_What the task requires_
Both ends included, set down the lines from the line containing "boucles d'oreilles linge" through the last line of the records below, without pictures.

******************************

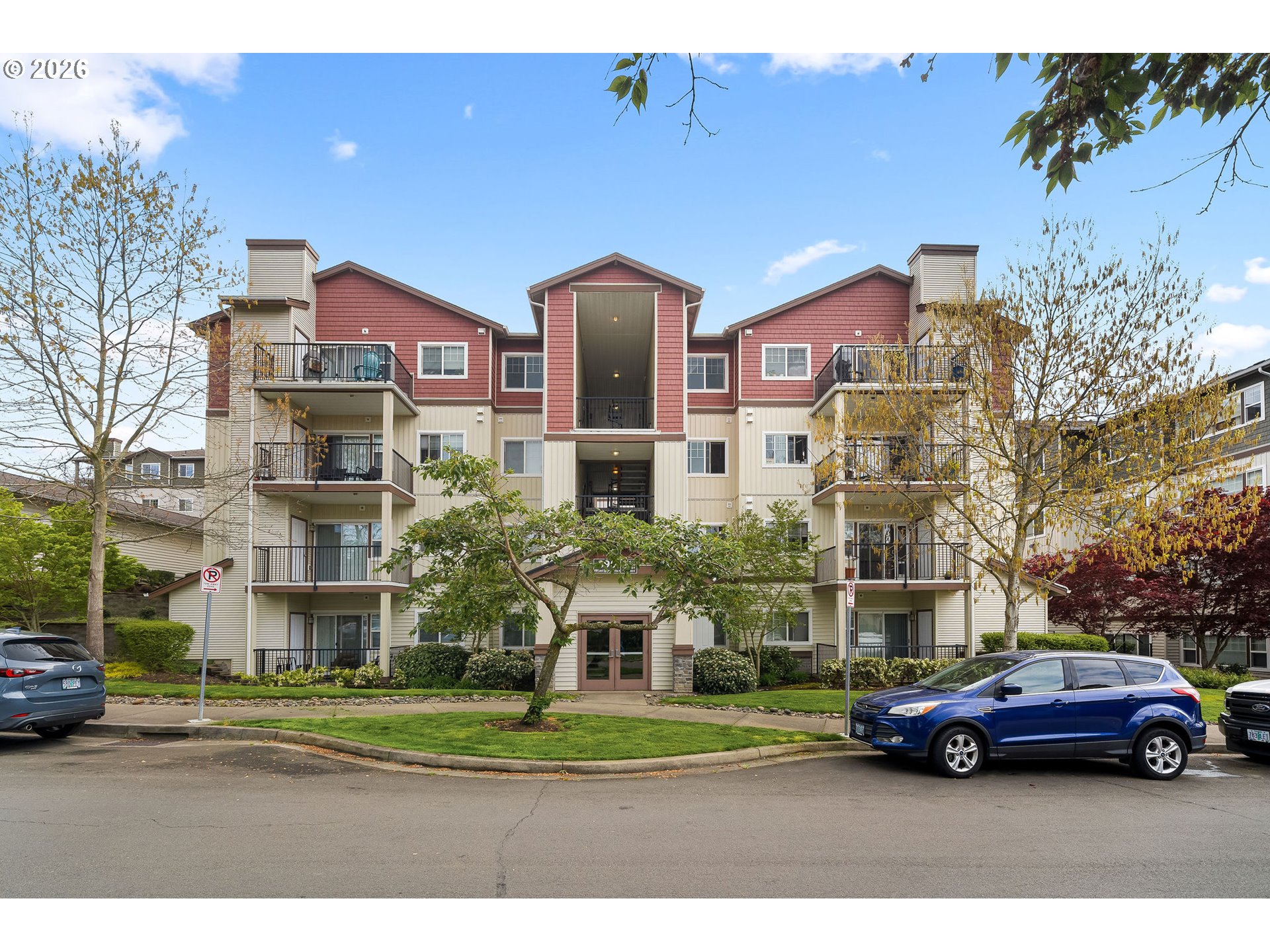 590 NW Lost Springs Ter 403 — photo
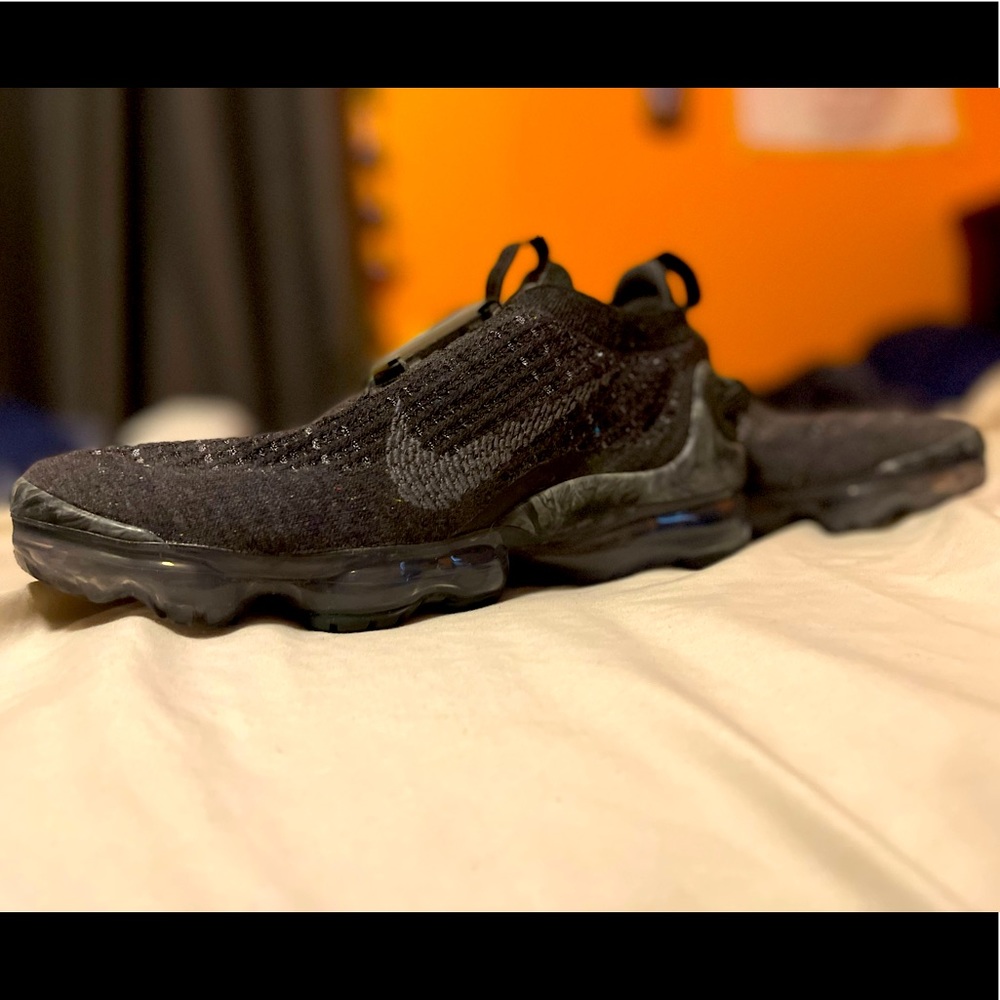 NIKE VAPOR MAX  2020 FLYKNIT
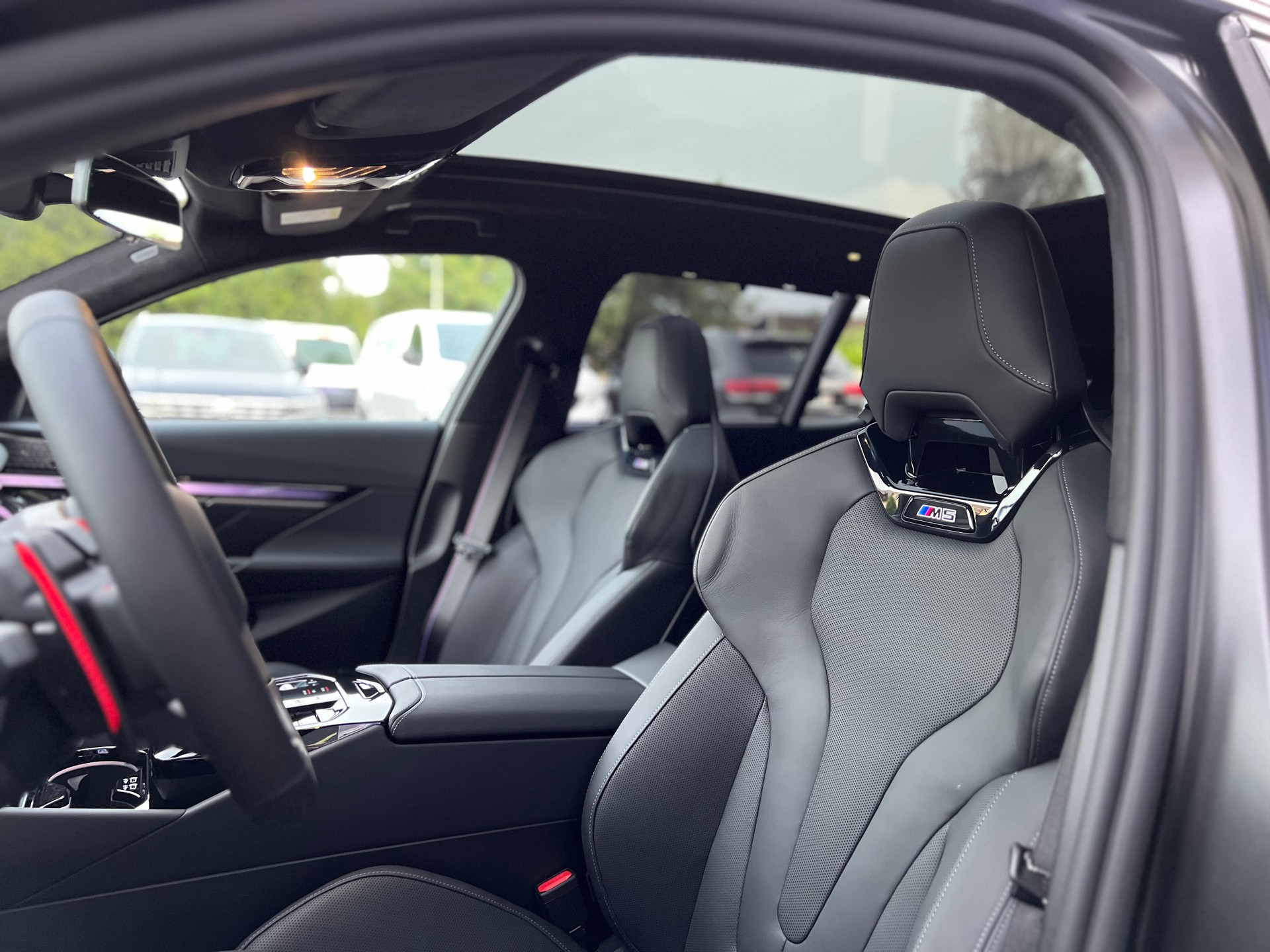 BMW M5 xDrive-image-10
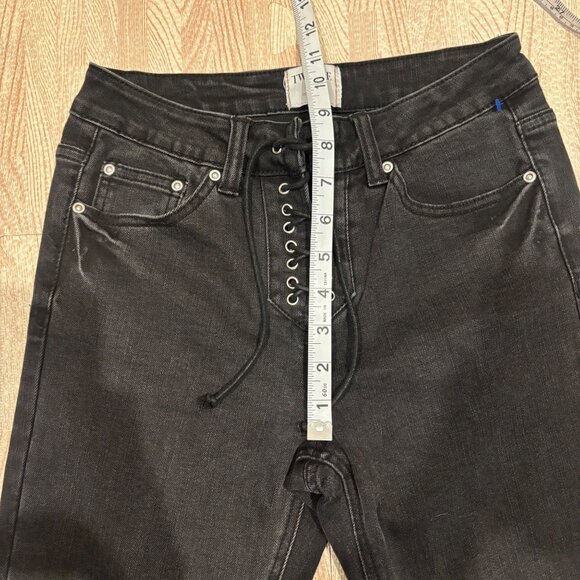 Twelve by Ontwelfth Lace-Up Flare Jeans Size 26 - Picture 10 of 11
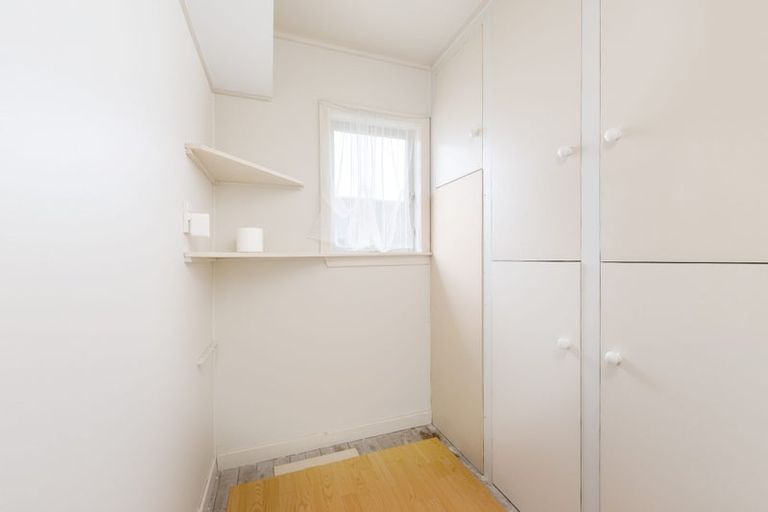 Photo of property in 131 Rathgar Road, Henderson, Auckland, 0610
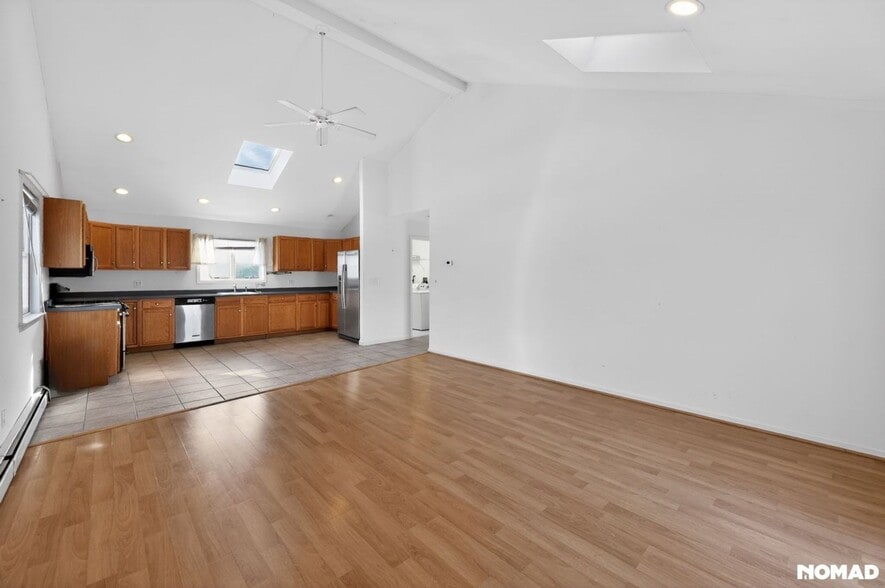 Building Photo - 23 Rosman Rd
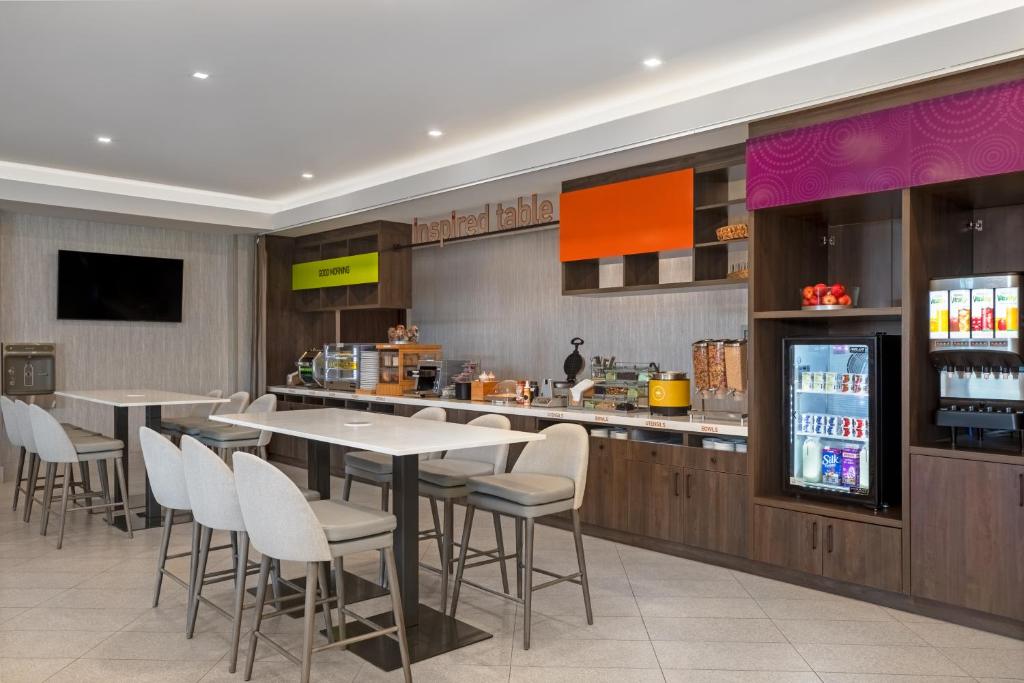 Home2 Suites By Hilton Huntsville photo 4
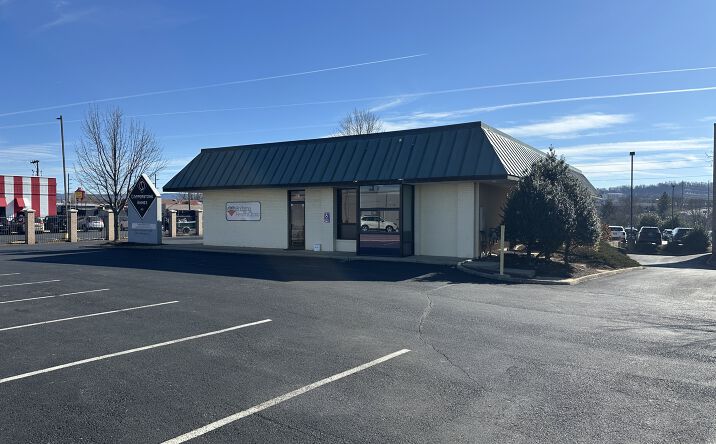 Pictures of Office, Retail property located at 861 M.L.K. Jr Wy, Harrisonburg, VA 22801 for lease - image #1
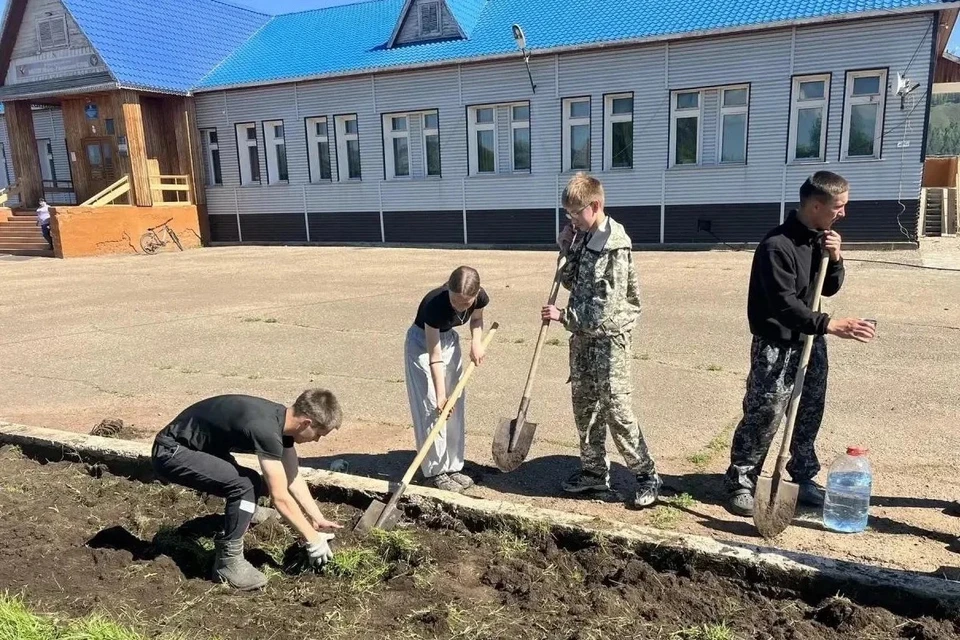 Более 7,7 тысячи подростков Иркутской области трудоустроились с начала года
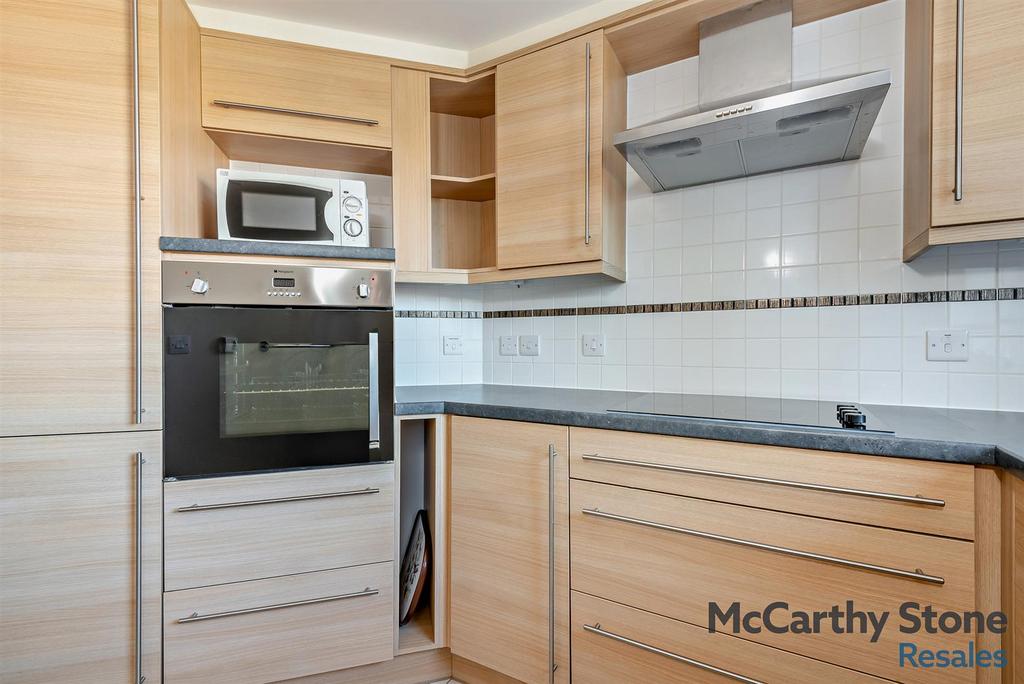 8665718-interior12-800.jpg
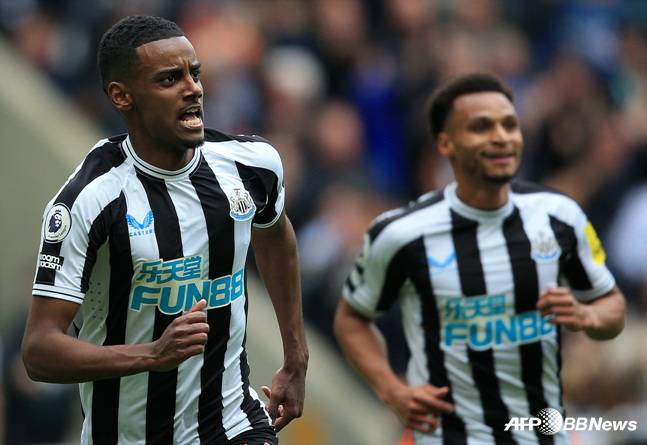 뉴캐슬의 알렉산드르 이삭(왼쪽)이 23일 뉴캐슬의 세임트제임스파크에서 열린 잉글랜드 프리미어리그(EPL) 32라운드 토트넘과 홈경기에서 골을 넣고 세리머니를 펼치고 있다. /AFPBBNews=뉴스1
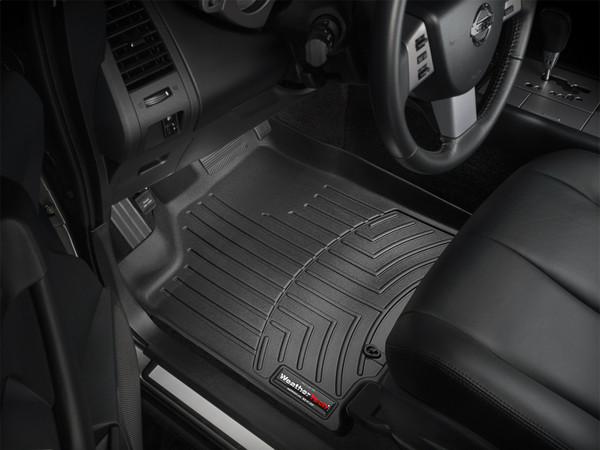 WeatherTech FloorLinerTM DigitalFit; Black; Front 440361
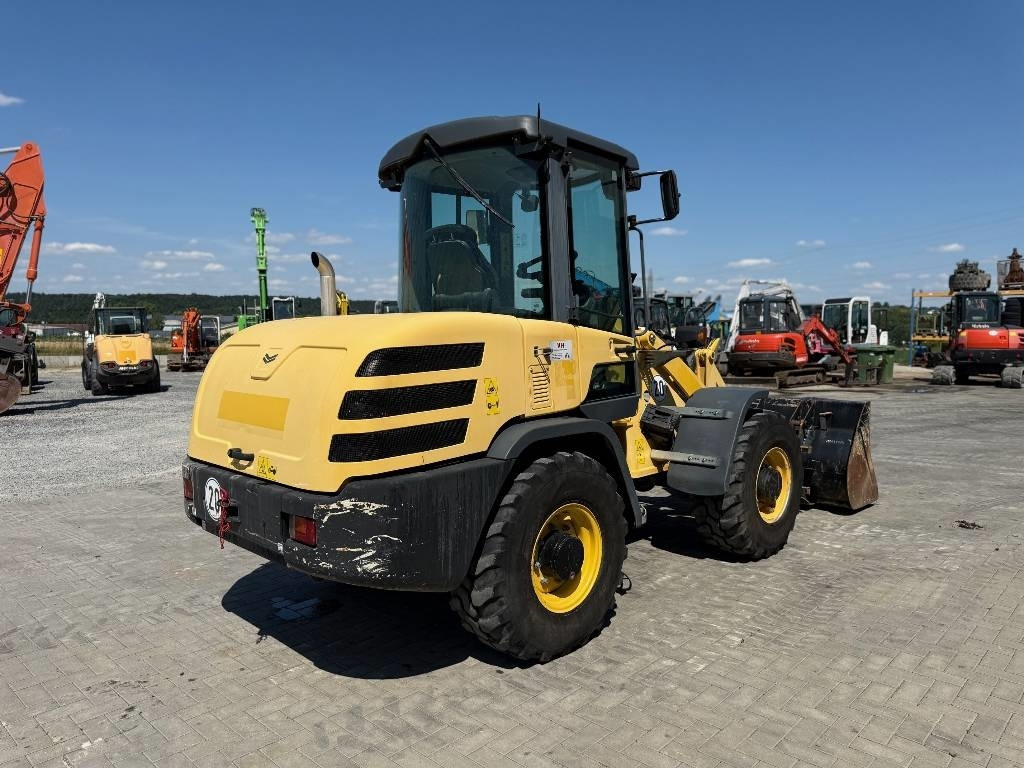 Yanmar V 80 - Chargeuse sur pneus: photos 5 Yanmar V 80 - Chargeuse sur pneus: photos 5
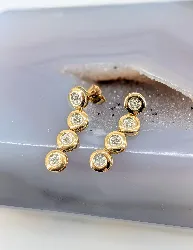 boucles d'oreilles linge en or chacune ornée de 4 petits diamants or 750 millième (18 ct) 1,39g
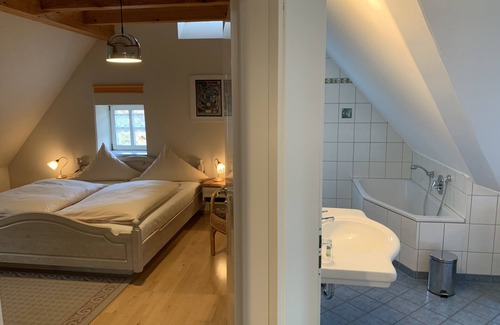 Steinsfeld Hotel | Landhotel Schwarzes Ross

******************************

_Problem solution_
 boucles d'oreilles linge en or chacune ornée de 4 petits diamants or 750 millième (18 ct) 1,39g
 Steinsfeld Hotel | Landhotel Schwarzes Ross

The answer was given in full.